Notre vie sera chrétienne si Jésus en est le centre, si Jésus est notre compagnon de route, si Jésus est la lumière et la joie de nos existences blessées. Avec Jésus, le soir ne peut pas tomber dans nos vies. Avec Jésus, la lumière s’infiltre toujours en nous. Notre vie sera chrétienne si la présence du Ressuscité y est reconnue. Notre vie sera chrétienne si elle est eucharistique. Paul exprime cela d’une manière extraordinaire : « Pour moi, vivre c’est le Christ ! » (Ph 1,21) et encore : « Ce n’est plus moi qui vis, c’est le Christ qui vit en moi ! » (Ga 2,20). Cette bonne nouvelle de la présence de Jésus vivant sur le chemin d’Emmaüs, reconnu dans la « fraction du pain », va remettre en route les deux pèlerins et les amener à proclamer leur foi avec les autres disciples. C’est alors que nait l’Église qui proclame le Credo parce que chaque chrétien qui a rencontré le Seigneur sur sa route peut dire à tous les autres : « c’est vrai, le Seigneur est vraiment ressuscité ! »
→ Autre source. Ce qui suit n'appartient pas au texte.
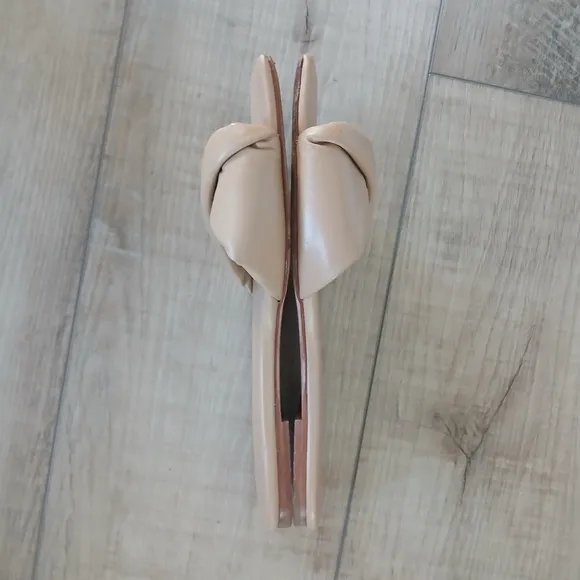 Studio Amelia 3.31 Leather Slides in Beige. Size 39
Ainsi, saint Luc nous apprend que notre vie sera chrétienne si nous accueillons la présence du Seigneur qui nous rejoint et nous accompagne ; si nous écoutons l’enseignement de sa parole en lisant les Écritures ; si nous participons à l’eucharistie où nos yeux s’ouvrent pour reconnaître la présence sacramentelle du Ressuscité ; si notre foi rejoint celle des apôtres : c’est après avoir entendu le témoignage des apôtres – « c’est vrai, le Seigneur est ressuscité ! il est apparu à Simon-Pierre ! » – que les deux disciples « racontèrent à leur tour ce qui s’était passé sur leur route… ».
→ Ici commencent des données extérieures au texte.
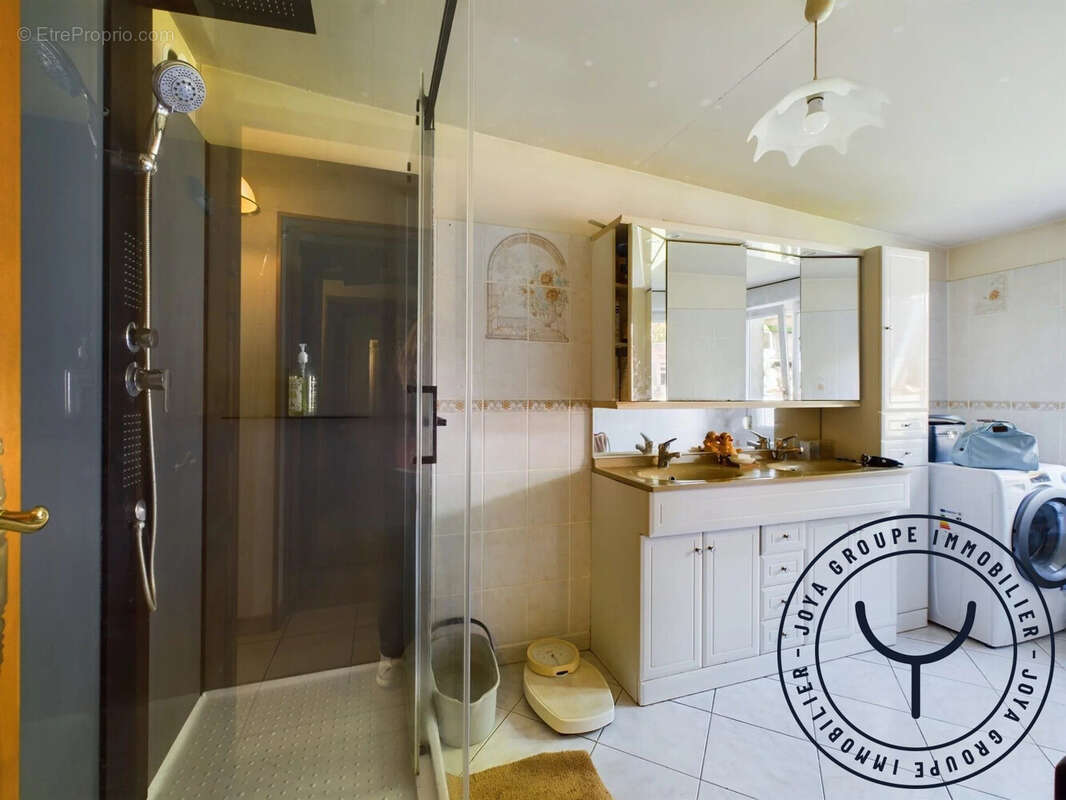 Maison 173 m² à Charmoy  - photo 6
L’histoire de ces deux disciples, c’est la nôtre ! C’est une histoire de foi ! Si nous croyons en cette présence mystérieuse de Jésus qui éclaire nos vies personnelles et la vie de toute l’Église, nous devons pouvoir l’attester partout : « Le Seigneur est vraiment ressuscité, j’en suis témoin, il m’est aussi apparu, sur ma propre route ! Alléluia ! »
Frère François-Dominique CHARLES, o.p.